California Migrant Ministry
- Founded: 1920s (state offshoot); formally active in California since 1957
- Founder: National Migrant Ministry (national initiative)
- Dissolved: Renamed National Farm Worker Ministry in 1971
- Type: Non‑profit · Ecumenical Christian organization
- Purpose: Provide direct services and support farmworkers’ organizing and social justice efforts
- Headquarters: California, U.S.
- Region served: Migrant and seasonal farm workers in California
- Services: Childcare camps, literacy & English classes, hygiene instruction, food/hygiene distribution, daycare, health outreach
- Key people: Doug Still (CMM director, from 1957); Chris Hartmire (director, 1961–1971)
- Affiliations: Community Service Organization, United Farm Workers (UFW), National Migrant Ministry

= California Migrant Ministry =

American civil rights organization

The California Migrant Ministry (CMM) was a non-profit ecumenical organization that supported migrant farm workers and later became involved in farmworker organizing in California.

==History==

The National Migrant Ministry, established in 1920 as an interdenominational initiative, aimed to address the needs of migratory farm workers. Affiliated with the National Council of Churches, it provided health care, vocational training, recreational activities, and religious services at New Deal labor camps nationwide. By the 1950s, 38 states, including California, had established migrant ministry programs.

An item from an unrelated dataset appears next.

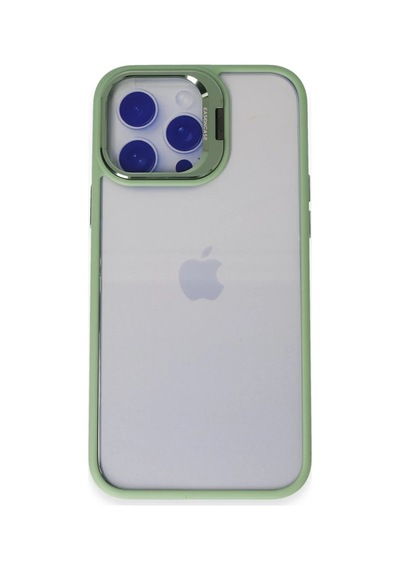 Joko Apple İphone 14 Pro Kılıf Roblox Lens Standlı Kapak - Yeşil 0.2M-Çok Renkli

Doug Still became the director of the CMM in 1957, and established a rural ministry in the San Joaquin and Imperial Valleys, offering services like camps for children, English classes, personal hygiene instruction, daycare centers, and food distribution. With the help of a Schwarzhaupt Foundation grant, the CMM staff trained with the Community Service Organization (CSO), led by Fred Ross, where they met Cesar Chavez.

Based in part on influence from the Community Service Organization, CMM members began to question if charitable service alone was sufficient. They believed that empowering farm workers to fight for better wages and combat job discrimination was a more effective long-term solution. It was during this time period in the late 1950s that the CMM first began to be influenced by Saul Alinsky and his principles for organization.

Chris Hartmire, a Presbyterian minister and graduate of both Princeton University and Union Theological Seminary, took over as CMM director in 1961. Under Hartmire, the CMM increased its involvement in community organizing, and by 1965 CMM had fully embraced farm worker unionization as a major part of its mission. The CMM lobbied against the Bracero Program and supported farm worker organizing.

==Involvement in the Delano Grape Strike==

During the Delano grape strike in 1965, the CMM supported Chavez and the United Farm Workers (UFW), providing resources and mobilizing church support. Three years later, Presbyterian Life (the flagship magazine of the mainline United Presbyterian Church) featured a sympathetic article on the movement. The magazine later published a rebuttal by agricultural businessman Allan Grant. The two articles presented opposing views within the Presbyterian Church on support for the strike.

==Religious influence and opposition==

The CMM's support for the union drew both support and opposition from religious groups. However, the CMM continued to advocate support for the farm workers at church meetings and denominational gatherings.

==Legacy==

In 1971, the CMM (and its parent organization the National Migrant Ministry) became the National Farm Worker Ministry. It formally redefined its mission to support farm workers through organizing and unionization.

The archives of the CMM are held at the Walter P. Reuther Library at Wayne State University.